- **ABOUT THIS EXERCISE**: Needed from the data below: every line from the one with "Papai Noel na" up to and including the one with "Gymboree velvet high", repeated exactly and with nothing else.

□ □ □ □ □

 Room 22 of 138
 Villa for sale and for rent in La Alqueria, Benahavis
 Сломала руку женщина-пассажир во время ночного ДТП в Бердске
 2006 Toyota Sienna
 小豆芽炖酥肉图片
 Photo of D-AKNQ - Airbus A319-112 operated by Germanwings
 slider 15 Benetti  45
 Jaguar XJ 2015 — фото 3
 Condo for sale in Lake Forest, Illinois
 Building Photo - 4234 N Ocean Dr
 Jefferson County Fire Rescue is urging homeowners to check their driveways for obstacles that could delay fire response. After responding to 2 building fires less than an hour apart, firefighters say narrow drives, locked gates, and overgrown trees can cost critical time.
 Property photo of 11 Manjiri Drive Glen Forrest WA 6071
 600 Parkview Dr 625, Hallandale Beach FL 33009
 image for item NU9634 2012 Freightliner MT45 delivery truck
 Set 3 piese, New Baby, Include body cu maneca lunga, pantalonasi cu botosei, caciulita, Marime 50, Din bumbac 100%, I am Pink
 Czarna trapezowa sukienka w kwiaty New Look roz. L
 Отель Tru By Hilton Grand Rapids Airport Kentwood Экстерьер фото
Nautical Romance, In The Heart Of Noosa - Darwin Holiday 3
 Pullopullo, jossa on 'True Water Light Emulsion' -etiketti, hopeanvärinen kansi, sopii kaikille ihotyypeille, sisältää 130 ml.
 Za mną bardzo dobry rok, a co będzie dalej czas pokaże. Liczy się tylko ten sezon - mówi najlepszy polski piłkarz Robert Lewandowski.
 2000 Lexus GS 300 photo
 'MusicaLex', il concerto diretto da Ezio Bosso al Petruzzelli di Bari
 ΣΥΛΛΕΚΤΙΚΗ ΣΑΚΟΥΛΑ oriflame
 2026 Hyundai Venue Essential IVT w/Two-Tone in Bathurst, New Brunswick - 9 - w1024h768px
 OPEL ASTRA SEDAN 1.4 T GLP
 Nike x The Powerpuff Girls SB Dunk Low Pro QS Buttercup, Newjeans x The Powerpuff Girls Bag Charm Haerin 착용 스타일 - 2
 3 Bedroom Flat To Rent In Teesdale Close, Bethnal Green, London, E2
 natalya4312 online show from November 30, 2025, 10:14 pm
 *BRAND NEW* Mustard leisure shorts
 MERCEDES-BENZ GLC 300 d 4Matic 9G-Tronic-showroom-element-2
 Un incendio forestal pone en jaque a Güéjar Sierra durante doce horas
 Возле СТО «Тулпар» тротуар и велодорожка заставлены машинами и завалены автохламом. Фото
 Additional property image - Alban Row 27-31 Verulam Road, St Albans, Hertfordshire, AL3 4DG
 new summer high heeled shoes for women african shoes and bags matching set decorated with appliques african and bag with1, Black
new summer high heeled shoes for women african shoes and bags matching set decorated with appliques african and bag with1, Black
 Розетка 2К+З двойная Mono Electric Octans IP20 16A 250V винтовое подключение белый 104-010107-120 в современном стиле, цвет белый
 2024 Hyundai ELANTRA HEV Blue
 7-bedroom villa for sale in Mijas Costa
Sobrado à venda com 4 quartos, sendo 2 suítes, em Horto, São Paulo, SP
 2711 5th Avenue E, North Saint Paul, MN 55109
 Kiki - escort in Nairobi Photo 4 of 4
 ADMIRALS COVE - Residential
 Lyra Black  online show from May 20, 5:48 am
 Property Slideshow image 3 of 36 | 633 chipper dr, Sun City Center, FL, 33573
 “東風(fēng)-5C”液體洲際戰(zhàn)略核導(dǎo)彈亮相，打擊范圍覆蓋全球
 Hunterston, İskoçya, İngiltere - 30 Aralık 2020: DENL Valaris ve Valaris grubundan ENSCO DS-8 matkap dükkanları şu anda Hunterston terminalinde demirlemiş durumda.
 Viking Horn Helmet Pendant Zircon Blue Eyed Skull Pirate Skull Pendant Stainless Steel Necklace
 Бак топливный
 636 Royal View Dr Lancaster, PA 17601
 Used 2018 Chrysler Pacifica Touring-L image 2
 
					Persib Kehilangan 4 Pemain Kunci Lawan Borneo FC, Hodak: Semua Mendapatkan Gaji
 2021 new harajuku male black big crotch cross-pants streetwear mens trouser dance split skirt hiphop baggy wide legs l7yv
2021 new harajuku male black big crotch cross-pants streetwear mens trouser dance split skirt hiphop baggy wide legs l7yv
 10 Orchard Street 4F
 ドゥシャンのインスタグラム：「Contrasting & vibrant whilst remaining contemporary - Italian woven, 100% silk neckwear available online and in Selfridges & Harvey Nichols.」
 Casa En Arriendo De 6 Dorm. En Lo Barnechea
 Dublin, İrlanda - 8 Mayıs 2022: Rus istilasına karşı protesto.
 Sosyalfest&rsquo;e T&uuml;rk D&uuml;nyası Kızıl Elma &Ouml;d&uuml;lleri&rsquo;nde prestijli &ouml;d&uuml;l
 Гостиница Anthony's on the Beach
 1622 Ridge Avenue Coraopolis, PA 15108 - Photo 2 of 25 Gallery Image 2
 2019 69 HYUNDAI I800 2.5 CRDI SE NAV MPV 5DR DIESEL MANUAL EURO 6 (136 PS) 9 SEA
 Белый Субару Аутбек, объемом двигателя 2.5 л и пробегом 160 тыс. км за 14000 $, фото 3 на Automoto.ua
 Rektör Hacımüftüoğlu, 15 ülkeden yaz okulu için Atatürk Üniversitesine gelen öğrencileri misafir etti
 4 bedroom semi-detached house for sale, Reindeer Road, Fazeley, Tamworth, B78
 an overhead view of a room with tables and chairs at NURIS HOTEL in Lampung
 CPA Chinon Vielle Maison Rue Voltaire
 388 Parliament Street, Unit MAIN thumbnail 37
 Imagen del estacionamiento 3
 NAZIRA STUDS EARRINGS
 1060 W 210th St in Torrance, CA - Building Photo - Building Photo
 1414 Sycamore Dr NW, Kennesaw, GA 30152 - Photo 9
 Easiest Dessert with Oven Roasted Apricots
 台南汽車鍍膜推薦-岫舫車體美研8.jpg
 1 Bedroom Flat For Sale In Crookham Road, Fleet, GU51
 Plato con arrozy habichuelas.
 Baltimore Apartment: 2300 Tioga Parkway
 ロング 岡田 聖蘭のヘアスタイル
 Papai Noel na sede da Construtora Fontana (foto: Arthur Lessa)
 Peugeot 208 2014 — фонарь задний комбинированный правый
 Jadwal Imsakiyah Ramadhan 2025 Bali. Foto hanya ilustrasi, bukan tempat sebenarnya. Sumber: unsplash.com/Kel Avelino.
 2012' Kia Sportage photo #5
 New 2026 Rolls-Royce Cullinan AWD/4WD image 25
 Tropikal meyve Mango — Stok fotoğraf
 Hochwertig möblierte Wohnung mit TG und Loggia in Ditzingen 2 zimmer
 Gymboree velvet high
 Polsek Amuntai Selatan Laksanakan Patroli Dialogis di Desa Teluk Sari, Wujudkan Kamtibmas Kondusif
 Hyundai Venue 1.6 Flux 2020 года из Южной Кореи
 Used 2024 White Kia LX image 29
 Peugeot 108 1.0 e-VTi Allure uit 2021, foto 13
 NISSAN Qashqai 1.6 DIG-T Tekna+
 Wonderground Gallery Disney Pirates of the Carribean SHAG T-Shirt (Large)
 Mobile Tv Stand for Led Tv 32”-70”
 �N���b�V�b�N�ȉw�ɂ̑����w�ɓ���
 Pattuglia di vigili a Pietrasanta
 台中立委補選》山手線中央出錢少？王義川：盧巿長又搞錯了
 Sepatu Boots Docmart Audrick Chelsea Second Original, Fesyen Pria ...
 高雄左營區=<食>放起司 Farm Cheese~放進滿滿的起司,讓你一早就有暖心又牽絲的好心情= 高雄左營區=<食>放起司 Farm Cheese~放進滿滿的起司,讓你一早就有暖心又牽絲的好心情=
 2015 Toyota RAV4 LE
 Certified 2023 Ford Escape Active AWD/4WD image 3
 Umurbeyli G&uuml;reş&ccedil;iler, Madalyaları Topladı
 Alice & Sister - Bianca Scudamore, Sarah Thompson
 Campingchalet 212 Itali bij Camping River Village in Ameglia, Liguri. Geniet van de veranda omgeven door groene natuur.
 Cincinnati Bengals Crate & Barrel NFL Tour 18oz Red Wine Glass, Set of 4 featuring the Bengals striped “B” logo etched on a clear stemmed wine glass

□ □ □ □ □

- **SOLUTION TO THE EXERCISE**:
 Papai Noel na sede da Construtora Fontana (foto: Arthur Lessa)
 Peugeot 208 2014 — фонарь задний комбинированный правый
 Jadwal Imsakiyah Ramadhan 2025 Bali. Foto hanya ilustrasi, bukan tempat sebenarnya. Sumber: unsplash.com/Kel Avelino.
 2012' Kia Sportage photo #5
 New 2026 Rolls-Royce Cullinan AWD/4WD image 25
 Tropikal meyve Mango — Stok fotoğraf
 Hochwertig möblierte Wohnung mit TG und Loggia in Ditzingen 2 zimmer
 Gymboree velvet high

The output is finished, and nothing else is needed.